It’s not all about the mode: Race and gender bias in yielding to non-motorized road users

By Mary Ebeling
Two recent studies suggest that bias in driver behavior toward other road users could be contributing to enhanced stress levels for certain groups of pedestrians and bicyclists. Recent research documents a difference in drivers yielding to pedestrians based on race in Portland, OR. A second study out of the UK concludes women cyclists are more likely than men to experience “incidents” (passing too closely, verbal harassment, etc.). These two studies document how the experience with motor vehicle traffic of pedestrians and bicyclists, particularly those in minority groups, contributes not only to the feeling of being threatened but also to actual safety issues. This points to a need to raise awareness among drivers about their behavior and to incorporate better safety elements into street design in order to buffer these vulnerable road users from motorized traffic.

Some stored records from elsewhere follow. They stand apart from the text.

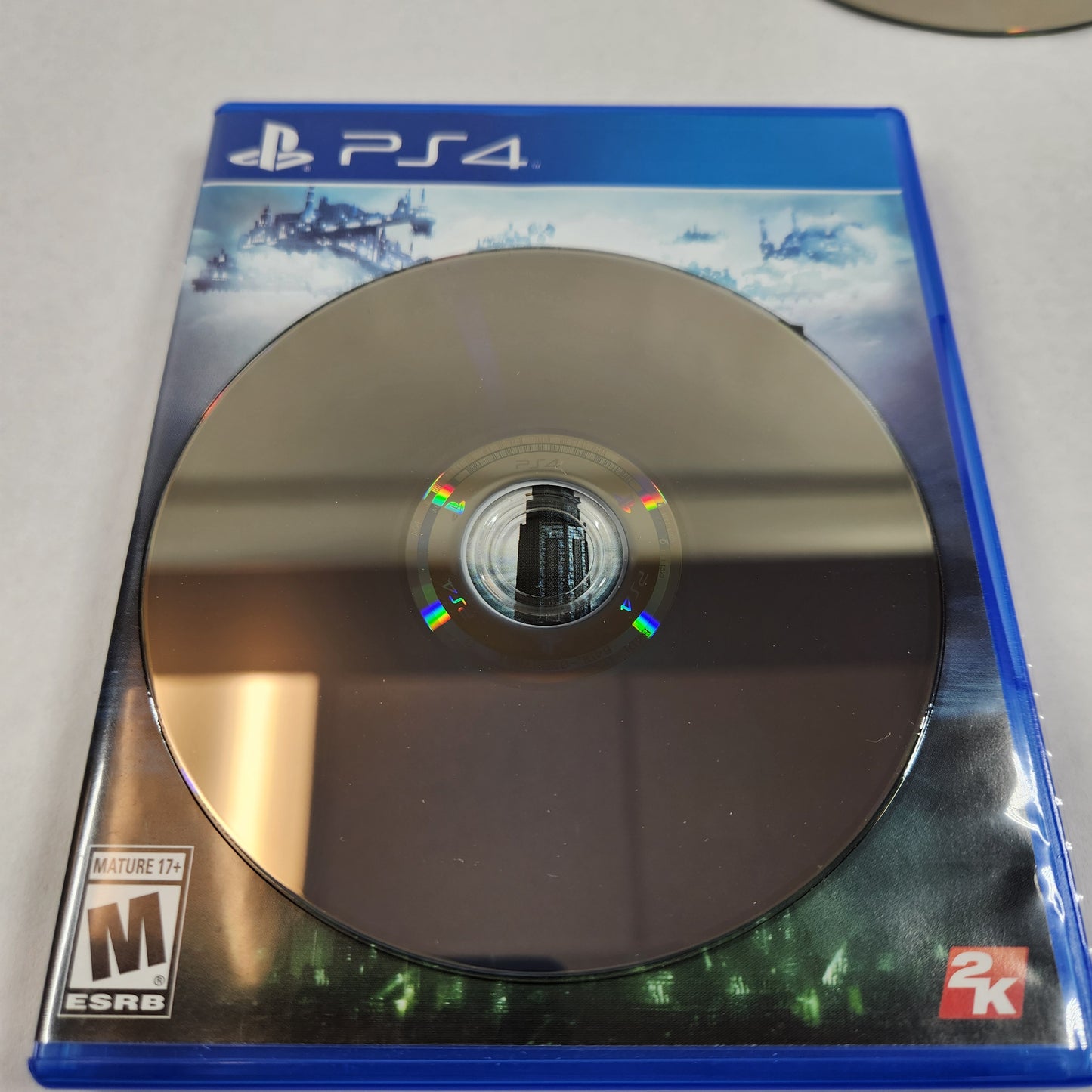 BioShock The Collection (Sony PlayStation 4 PS4, 2016)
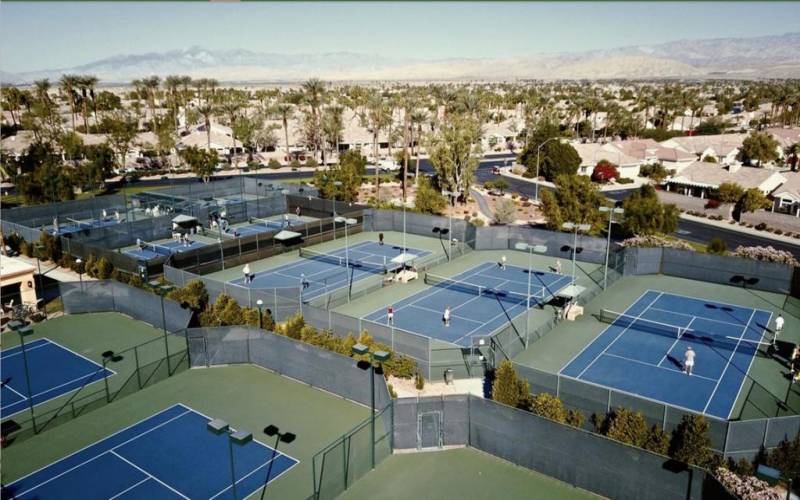 094 TENNIS COURTS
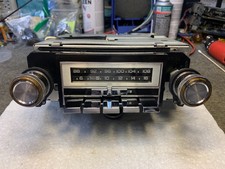 1978-85 Chevy Pontiac Buick Olds Gm Delco Am Fm Mono Radio 79 80 81 82 83 84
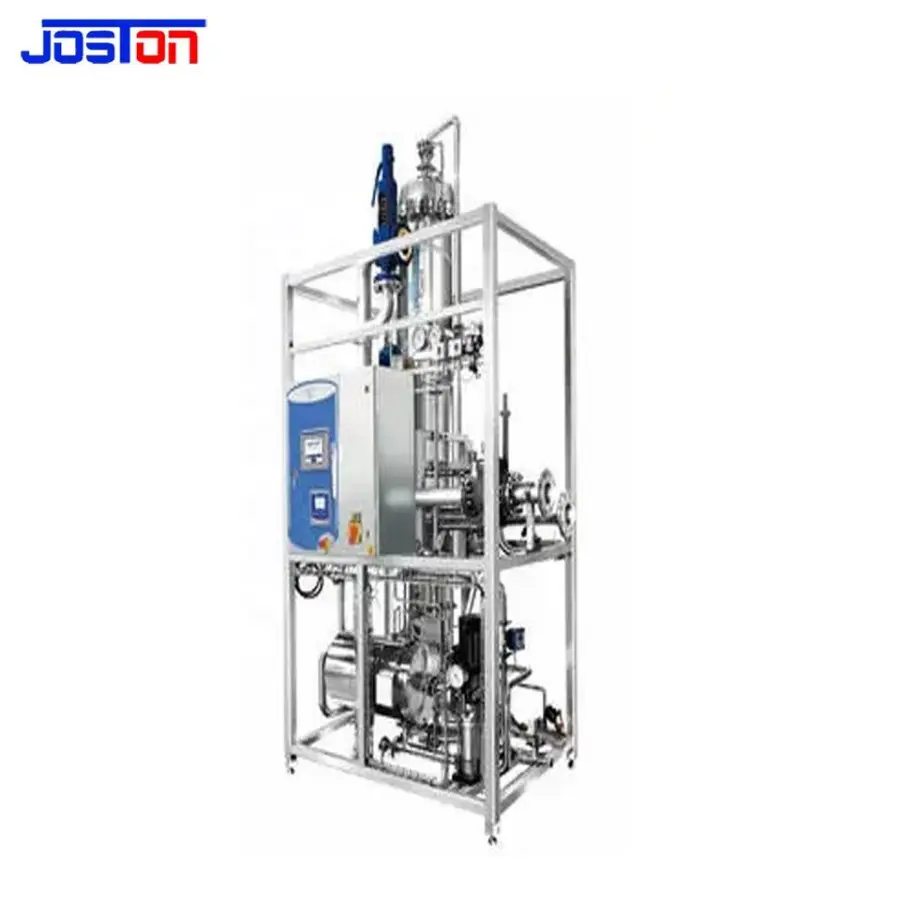 Stainless Steel Small Multifunctional Low Pressure Steam Distillation Electric Steam Generator Water Treatment Machinery — image 4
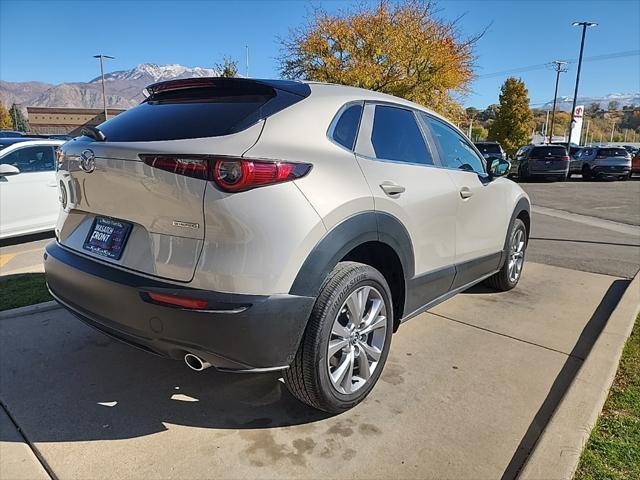 used 2023 Mazda CX-30 car, priced at $22,556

Researchers at Portland State University and the University of Arizona documented the racial bias in driver rates of yielding to pedestrians waiting at an unsignalized crosswalk to see if there was a difference in driver behavior towards Black and White pedestrians. The authors considered three primary variables: the number of cars that passed without yielding, the time that passed before a pedestrian could cross, and whether the first approaching vehicle stopped for the pedestrian waiting at the curb.
The racial bias study consisted of a controlled field study that isolated race as the independent variable, allowing the researches to document that the Black pedestrians were twice as likely as the White pedestrians to wait for at least two cars before they could cross. This finding was statistically significant. The safety implications of this behavior are also significant. According to the Centers for Disease Control, between 2000 to 2010, the pedestrian fatality rates in the United States for Black and Hispanic men was 3.93 and 3.73 per 100,000 population. This is twice the fatality rate for White men, which was 1.78 per 100,000 during the same period.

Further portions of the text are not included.